As discussed in Approximate_solvers, for numerical purposes it is convenient to approximate a rarefaction wave by a traveling discontinuity. For Burgers' equation this may seem unnecessary, but for more complicated solvers for systems of equations it will be essential.
We will approximate the effect of the rarefaction wave by a fictitious shock
$${\cal W} = q_r-q_\ell,$$
whose speed is given by the Rankine-Hugoniot jump condition:
$$s = \frac{f(q_r)-f(q_\ell)}{q_r-q_\ell} = \frac{q_r + q_\ell}{2}.$$
Recall that this is indeed a weak solution of the Riemann problem. This fictitious shock is not entropy-satisfying, but as long as it's traveling entirely to the left or entirely to the right, the effect on the numerical solution will be the same as if we used a (entropy-satisfying) rarefaction wave. This must be true since both solutions are conservative and so averaging the wave over the single cell it affects must give the same value. The numerical flux is again $F^*=f(q_\ell)$ if $s\geq 0$ and $F^*=f(q_r)$ if $s \leq 0$.

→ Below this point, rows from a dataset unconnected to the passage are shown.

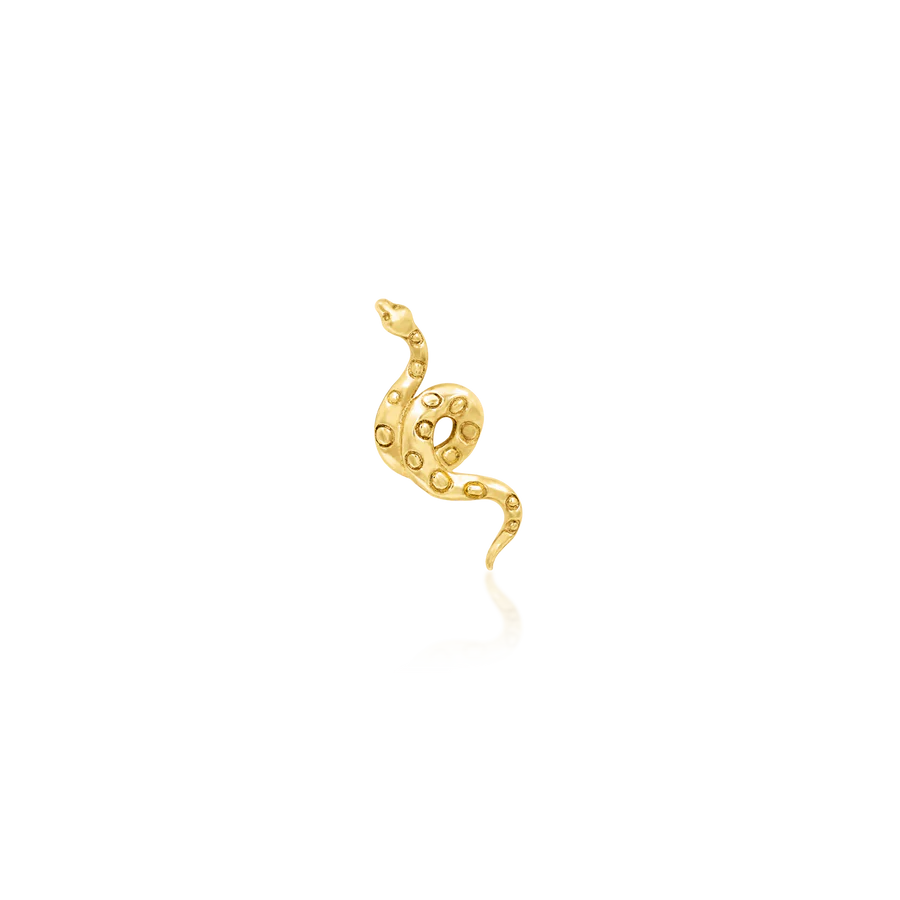 Textured Snake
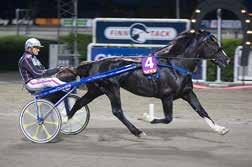 Øystein Tjomsland Spor 10: Alma Prins / Jomar Blekkan Eier: Kolbjørn Selmer, Trondheim Oppdr: Jæren Hingst AS & Arild Knutsen Kleppe Trener: Jomar Blekkan Deltagere i Biri Oppdretningsløp 2018 blir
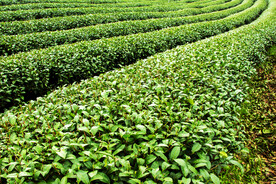 茶园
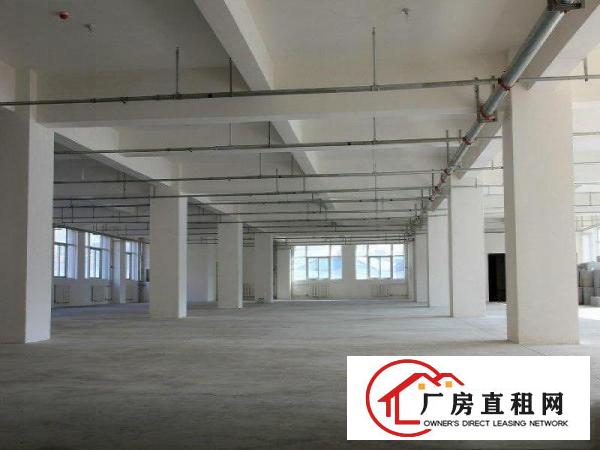 
常平土塘新空出独门独院厂房三层9000平方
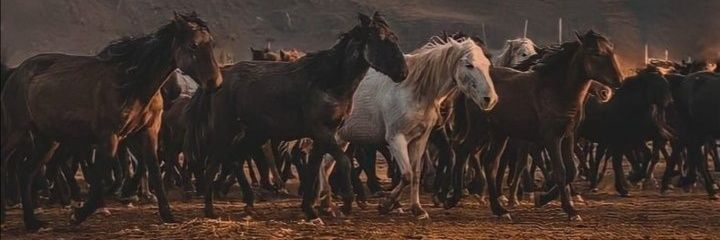 lg_att's profile banner image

Because this is a scalar equation with convex flux, both the Roe and HLL approaches will simplify to what we have already described. But we briefly discuss them here to further illustrate the main ideas.
Now we consider a linearized solver, in which we replace our nonlinear hyperbolic system with a linearization about some intermediate state $\hat{q}$. For Burgers' equation, the quasilinear form is $q_t + q q_x = 0$ and the linearization gives
$$q_t + \hat{q}q_x = 0.$$
This is simply the advection equation with velocity $\hat{q}$. The solution of the Riemann problem for this equation consists of a wave ${\cal W} = q_r - q_\ell$ traveling at speed $s = \hat{q}$. It remains only to determine the state $\hat{q}$, which is also the wave speed.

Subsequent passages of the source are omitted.